What if the buy-side system or the media owner is using an IP to geography mapping service that yields the city or DMA, but not much else. The impression is populated with city and state or region, but not lat/long. Buy-side campaigns that are strictly targeting based on lat/long won’t end up serving to that user. Seems kind of unfair. The campaign’s shortcoming is causing it to miss out on a user within it’s target area. In order to capture more campaigns (and dollars) a media owner or supply platform might go ahead and stuff a lat/long in there.

If they wanted to fly under the radar they’d vary the lat/long, but that seems a little nefarious. So what you end up with in the data are clusters of users that appear to be gathered at a rally point in the middle of town. Is this fraud? Thank about it for a few minutes, I’ll wait.

Now, let’s take it a step further. If the media owner or supply partner happens to have the home address, or happens to know the user spends a lot of time in the target geo region, what if they stuff those coordinates into the impression details? If the original request is missing a geographic element entirely and the IP lookup yields nothing, it’s possible that a slightly less scrupulous party might stuff that thing with a lat/long. I tipped my hand here though, didn’t I. Feels like this one is over the line.

Inventory Amplification

Last week I wrote about the end-all-be-all of pacing algorithms. Let me illuminate a problem with that algorithm that someone might exploit. The way the math works is by buying a random percentage of desired impressions. If a media owner wanted to exploit this attribute they might find that they make more money if they present more inventory for purchase. In a competitive landscape this would give them an edge over other media owners with similar inventory.

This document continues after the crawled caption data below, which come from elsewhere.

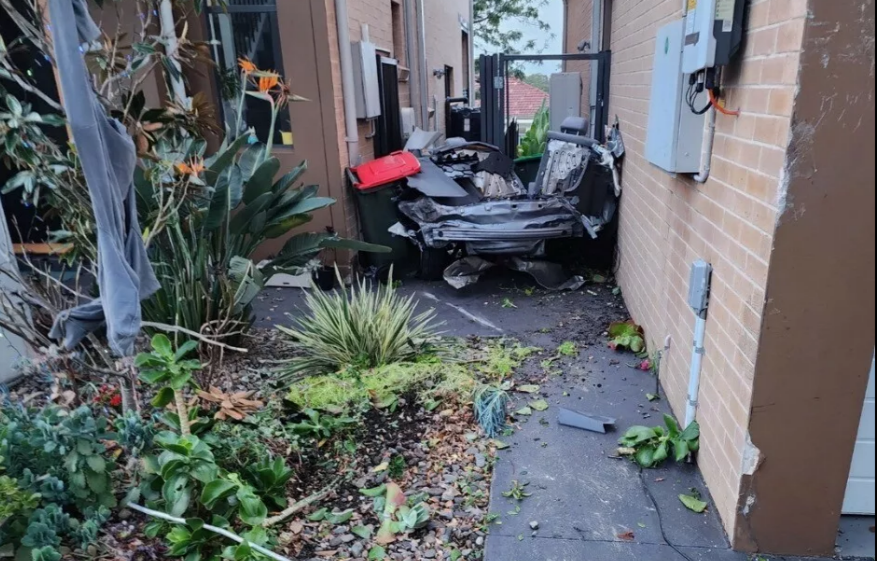 Tại nạn nghiệm trọng, chiếc Mazda bị gãy đôi 2.png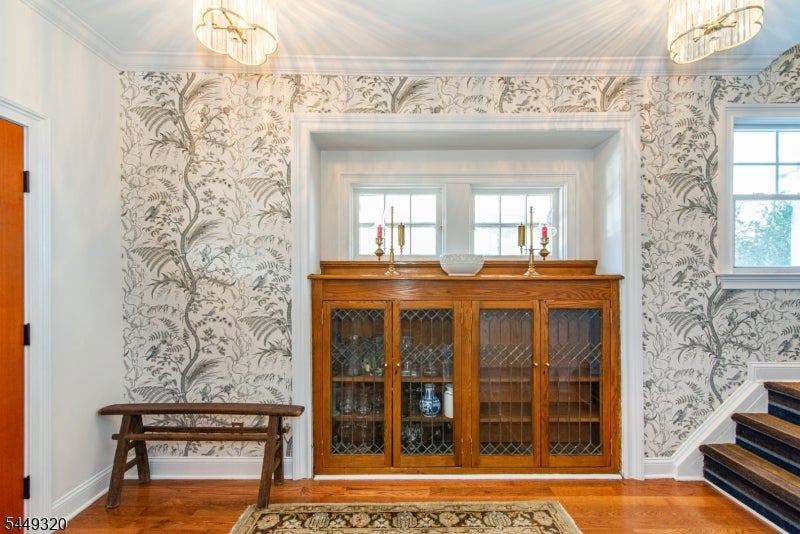 85 Evergreen Ave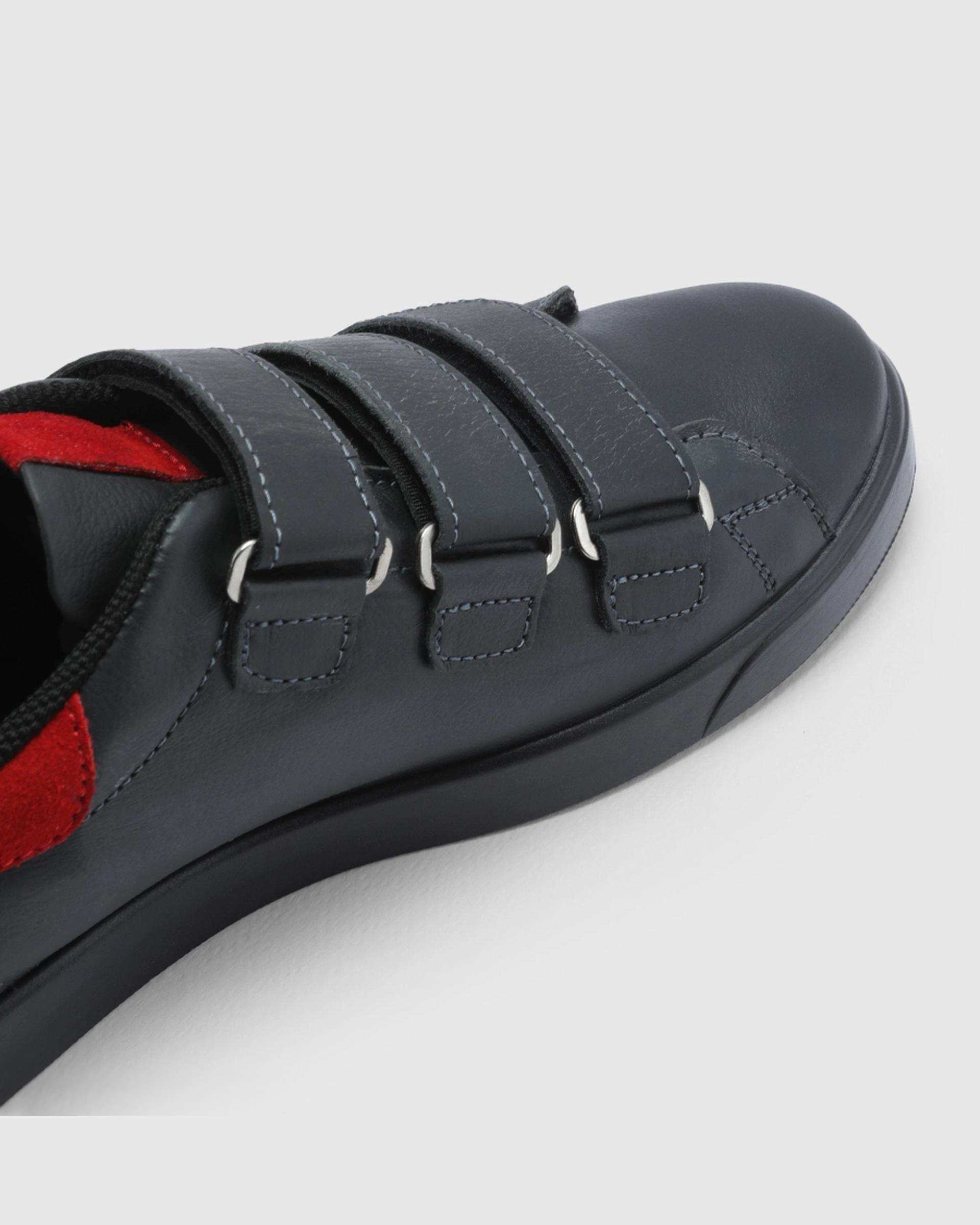 کفش چرم زنانه مشکی قرمز اورز OREZ مدل MIA VELCRO کد WCK218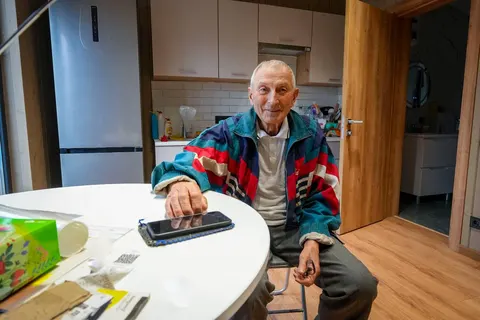 Новий дім для 87-річного Юрія з Бучі: як це стало можливим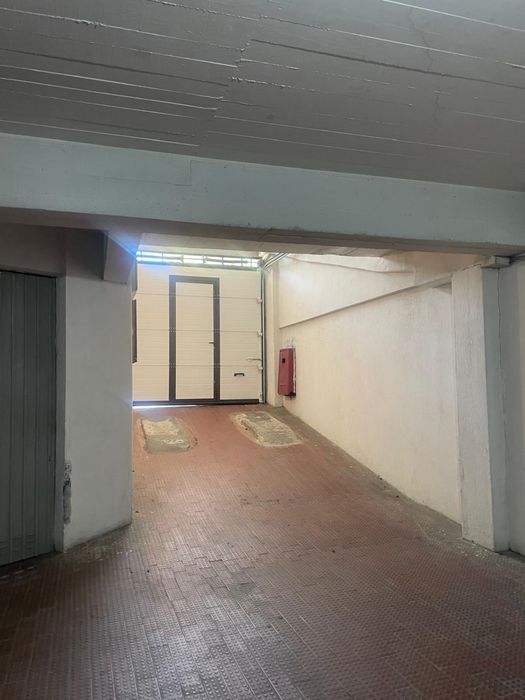 Garagem Feijo (junto ao Forum Almada)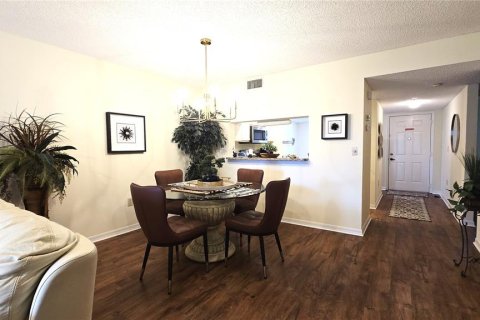 Condominio en alquiler en Bradenton, Florida, 2 dormitorios, 96.8 m2 № 1812733 - foto 5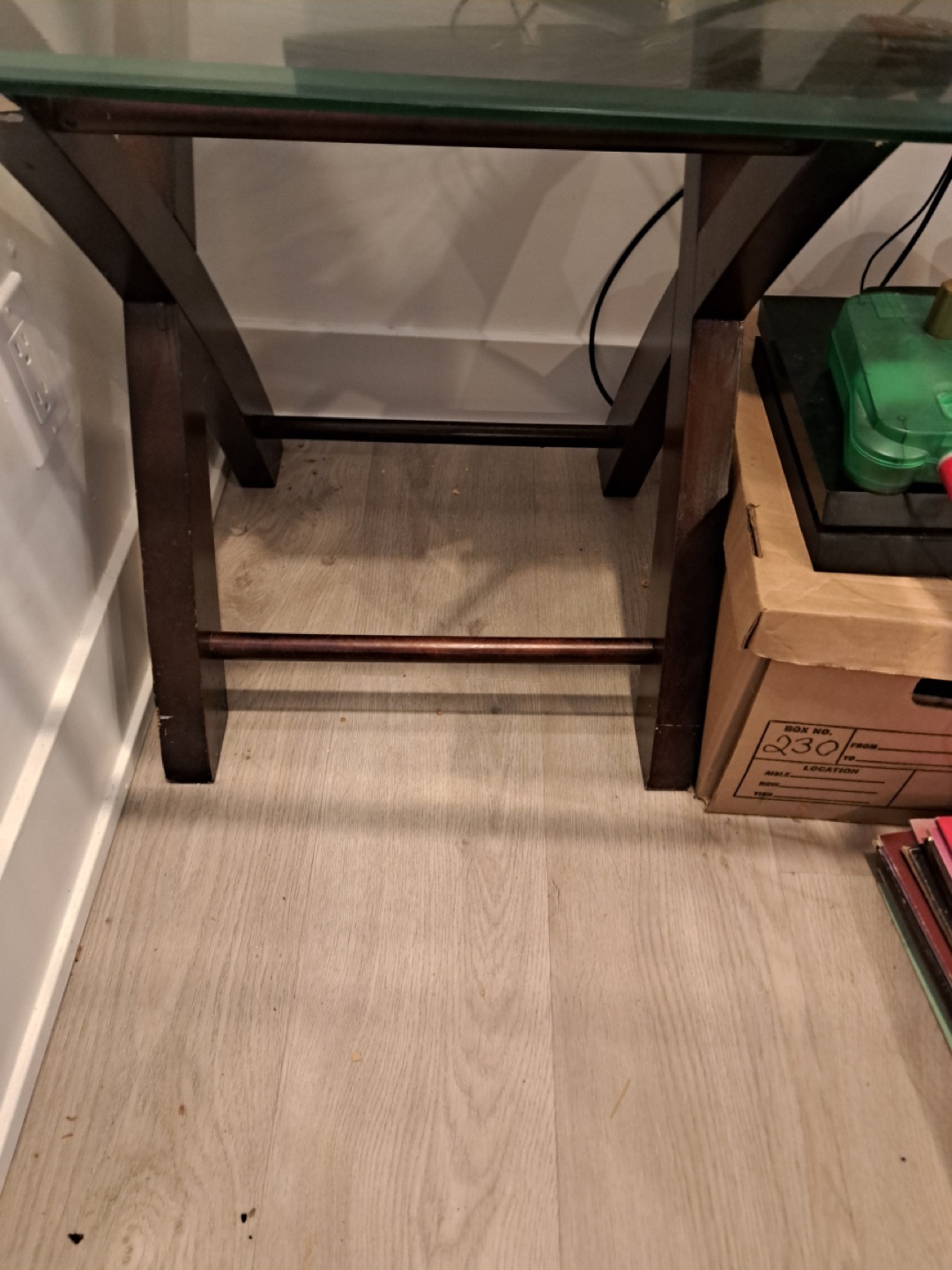 Glass and wood side table - photo 2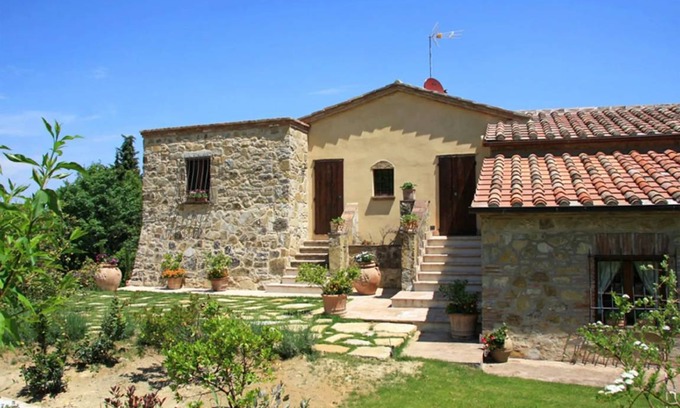 Cetona House | 260 m² House ∙ 5 bedrooms ∙ 10 guests
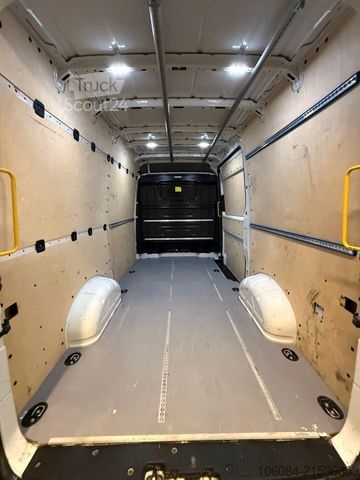 High top van VOLKSWAGEN Crafter Kasten L2-H2 Klima Navi Kamera ACC SHZ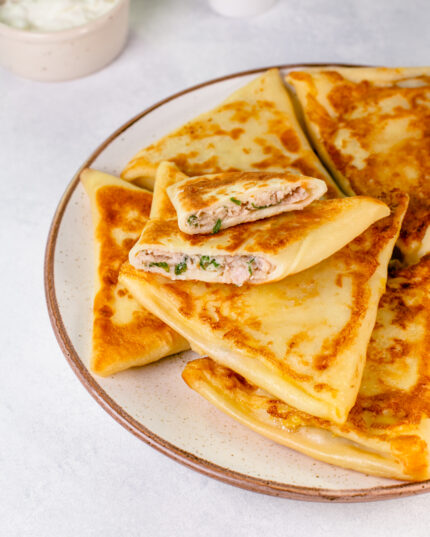 Crêpes triangulaire au poulet et champignons
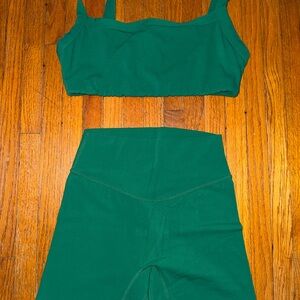 Vitality cloud ii square bra (medium) and volley short (small)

When both media owners submit 100,000 impressions in the same time period, and the campaign only needs 50,000, then the purchases are generally going to be distributed evenly.

  • Media Owner A: 100,000
  • Media Owner B: 100,000
  • Campaign Needs: 50,000

campaign needs / total impressions = distribution rate

50,000 / 200,000 = 25%

Each media owner sells 25,000 impressions to the campaign.

25% of 100,000 –> 25,000

Now, what if Media Owner B doubled the number of impressions in the pool by offering each impression twice. Media Owner B now captures 33,333 of the campaign’s impressions, while Media Owner A is left with only 16,666.

50,000 / 300,000 = 16.6%

A: 16.6% of 100,000 –> 16,666

B: 16.6% of 200,000 –> 33,333

This one makes me mad, of course. I mean, I’m not printing out the scenario and hanging it, laughably, on my dart board, but there is much anger here. To that end I’m going to suggest a way to solve for this as a buy-side system. Rather than allocate campaign buying according to raw impressions, distribute the buy based on unique users. That’s really what your advertisers are after anyway. Generating unique user identities is a bit tougher than doubling the impressions shoved out for purchase. Doing this will eliminate the less sophisticated set of fraudsters. Ah, there it is again. Yes, this is fraud.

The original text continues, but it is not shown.